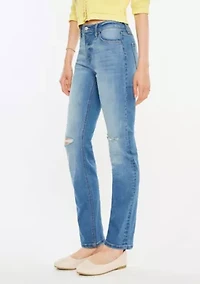DIANA HIGH RISE SLIM STRAIGHT JEANS - MEDIUM WASH STRETCH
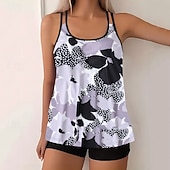 billiga Tankinis-Dam Badkläder 2 st Shorts Baddräkt Öppen rygg Semester Standkläder Blommig U-hals Ärmlös Baddräkter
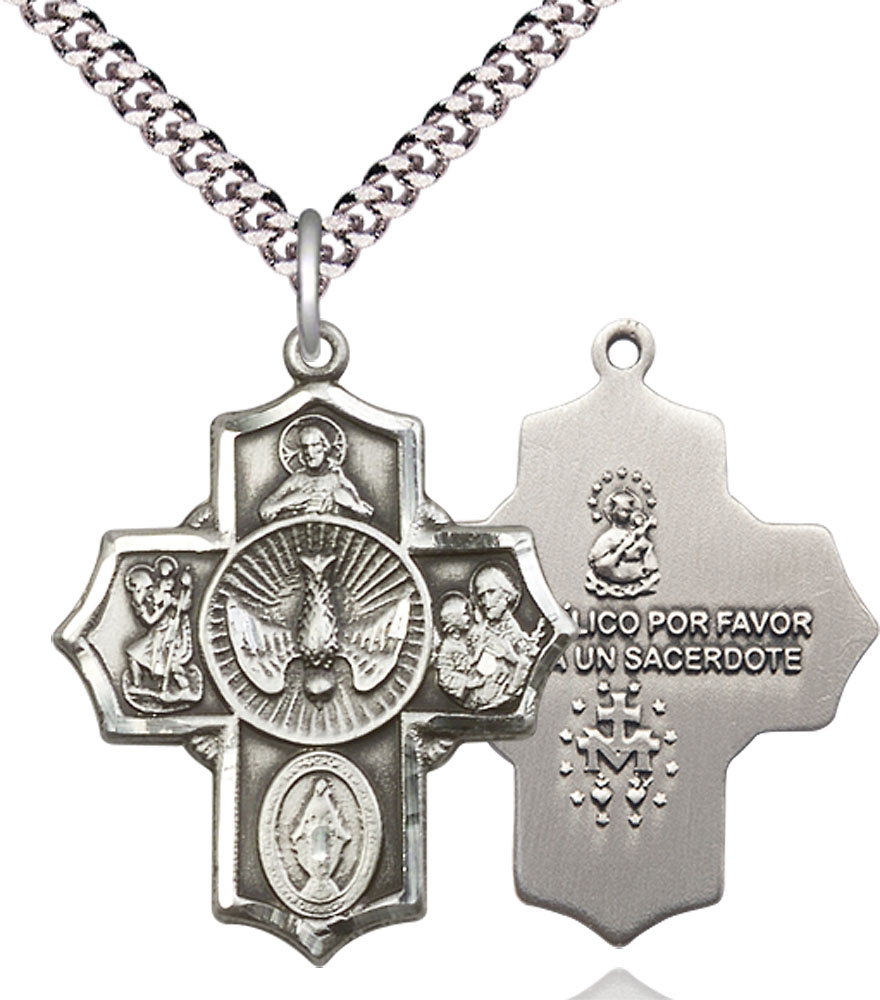 Sterling Silver 5-Way Pendant on a 24 inch Light Rhodium Heavy Curb chain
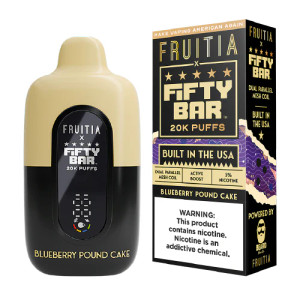 Blueberry Pound Cake Disposable Vape (20000 Puffs) by Fruitia x Fifty Bar Blueberry Pound Cake Disposable Vape (20000 Puffs) by Fruitia x Fifty Bar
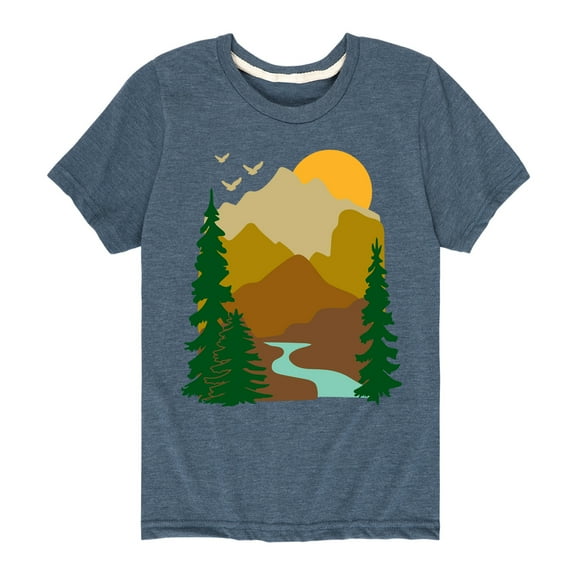 Instant Message - Outdoor Mountain Scene - Toddler & Youth Short Sleeve Graphic T-Shirt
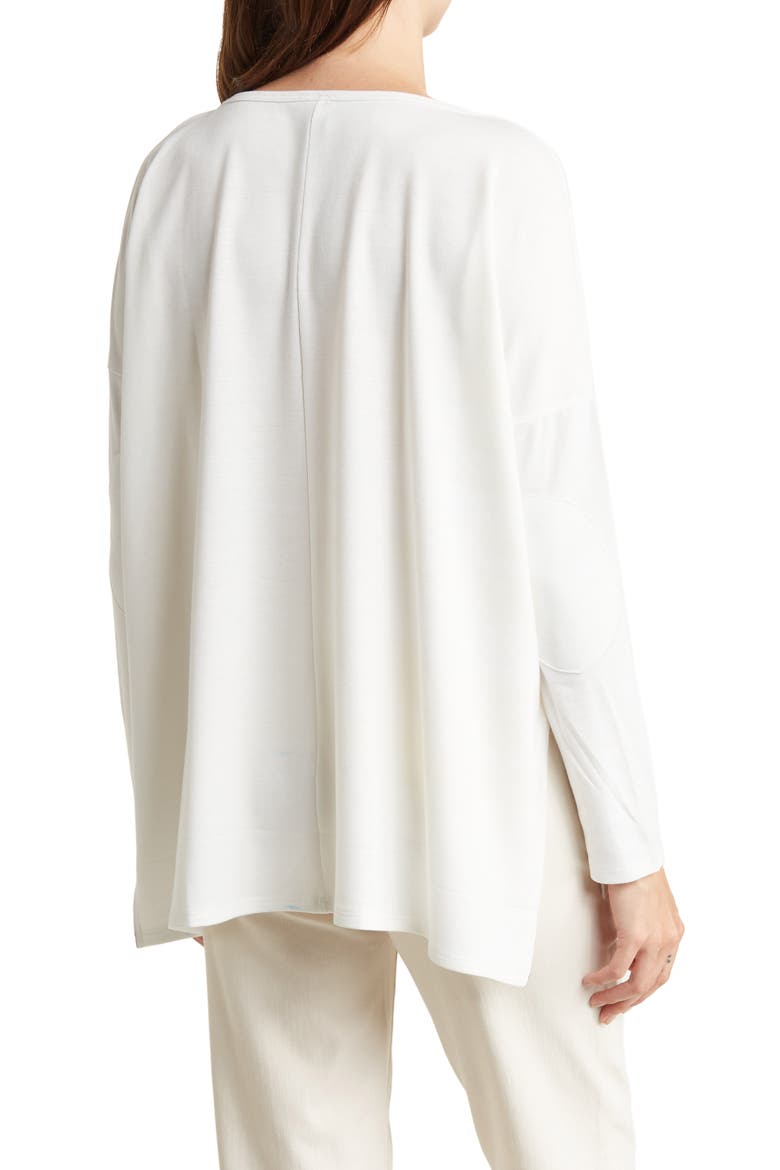 Dolman Sleeve Asymmetrical Hem Pullover, Alternate, color, IVORY/ BLACK PRINT 1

------------------------------------------------------------

**WHAT NEEDS TO BE DONE**
Where the line containing "Instant Message - Outdoor" appears above, start there and set down each line exactly through the last line of the data; leave out every picture.

**WRITTEN ANSWER**
 Instant Message - Outdoor Mountain Scene - Toddler & Youth Short Sleeve Graphic T-Shirt
 Dolman Sleeve Asymmetrical Hem Pullover, Alternate, color, IVORY/ BLACK PRINT 1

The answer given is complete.